As shown in fig. 13 (PBMC donor 1) and fig. 14 (PBMC donor 2), the antibody hz56g9.25l can effectively block graft versus host disease (GvHD) with IL-15 signaling enhancement.
As shown, IL-15/IL-15 ra significantly accelerated the progression of GvHD compared to PBS group, resulting in weight loss and death of mice. In the treated group, antibody hz56G9.25L was more effective in inhibiting IL-15/IL-15Rα than Amg714,714, thereby prolonging survival and slowing down the weight loss in mice.
EXAMPLE 16 in vivo Pharmacokinetic (PK) study of antibodies in BALB/c mice
The in vivo PK behaviour of hz56g9.25l was observed by mouse Pharmacokinetic (PK) experiments.
BALB/c mice were subcutaneously injected with 10mpk of hz56G9.25L, each at 0.5 hours, 2 hours, 6 hours, 24 hours, 48 hours, 96 hours, 168 hours, 336 hours, 504 hours and 840 hours, and mice serum samples were taken for testing.
ELISA was used to test the plates coated with IL-15 antigen (off-shore protein, GMP-C016), followed by the addition of serum to be tested, followed by detection with anti-human Fc secondary antibody (BETHYL, A80-104P) and finally TMB development. The PK detection results are shown in FIG. 15 and Table 15, the PK curve shows PKprofile of IgG sample, the half-life reaches 258 hours, and the clearance rate is 0.21ml/kg/h.
TABLE 17 in vivo Pharmacokinetic (PK) studies of antibodies in BALB/c mice
Example 17 antibody Fc engineering
Antibodies can maintain a relatively long half-life in serum through human neonatal Fc receptor (FcRn) mediated circulation. Antibody Fc has a pH-dependent interaction with FcRn.
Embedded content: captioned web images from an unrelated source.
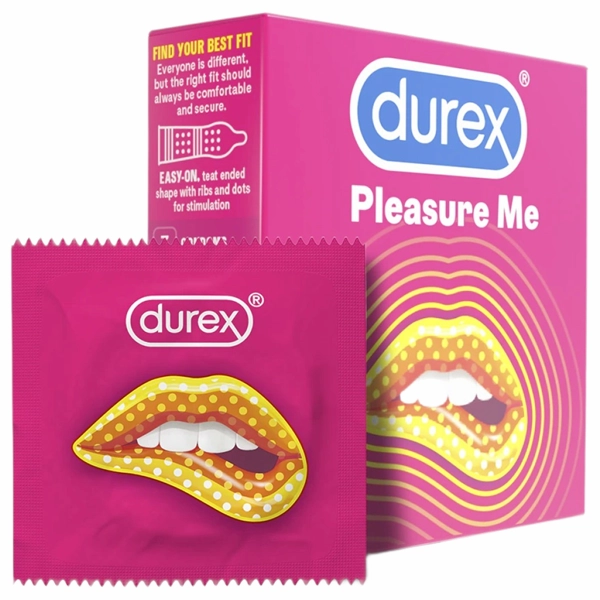 PREZERVATIVE PLEASURE ME DUREX 3BUC 24CUTSET 12CUTSET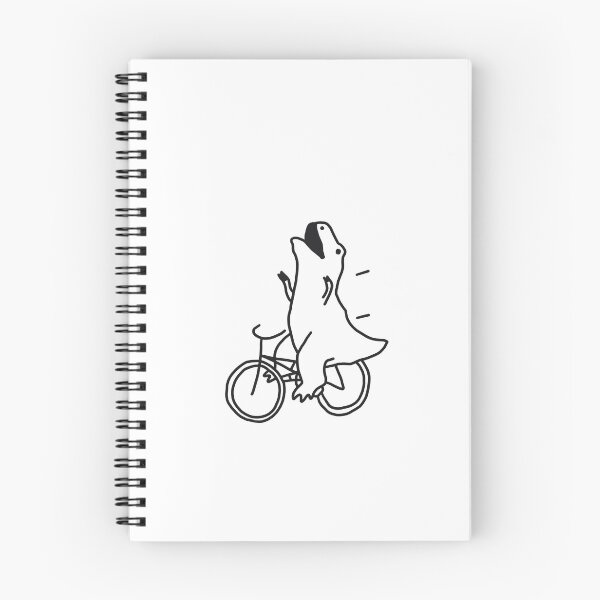 Item preview, Funny Dinosaur Riding Bicycle  designed and sold by sleepycharis.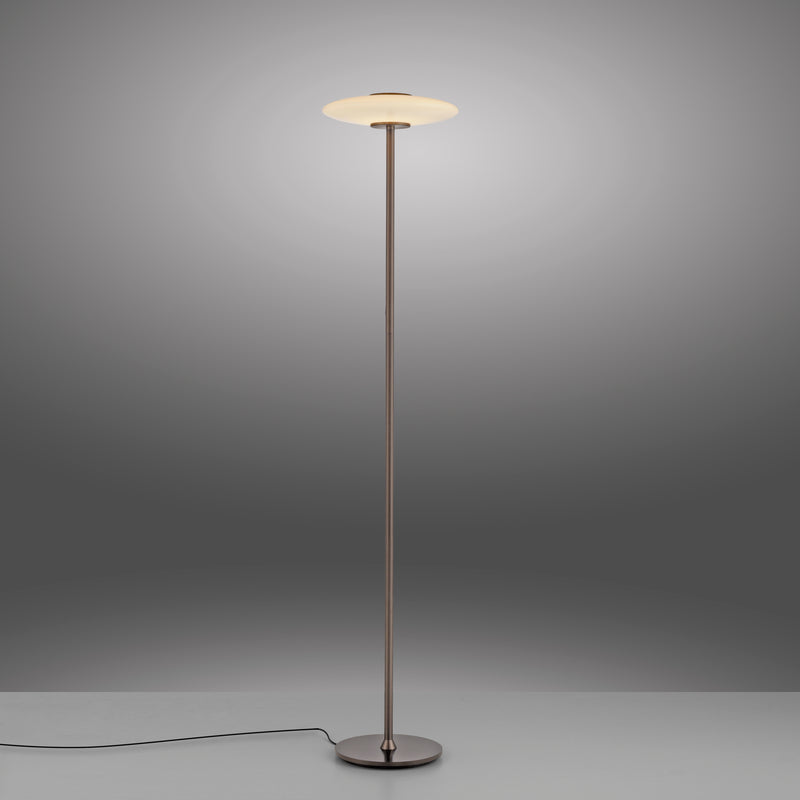 Lampadar Paul Neuhaus PURE VITRUM 2xLED Maro Metalic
The invention aims at the hz56G9.25L monoclonal antibody to carry out Fc reconstruction, and the in vivo half life of the drug is enhanced by changing the amino acid sequence. Specifically, the invention performs site-directed mutagenesis (M252Y/S254T/T256E) on 3 sites of the Fc segment of hz56G9.25L to improve the binding capacity to FcRn in order to prolong the half-life of the FcRn in vivo. The obtained antibody was named hz56G9.25L-YTE, and the CDR, VH, VL, heavy chain and light chain amino acid sequences of the antibody are shown in Table 18, table 19, table 20, table 21 and Table 22.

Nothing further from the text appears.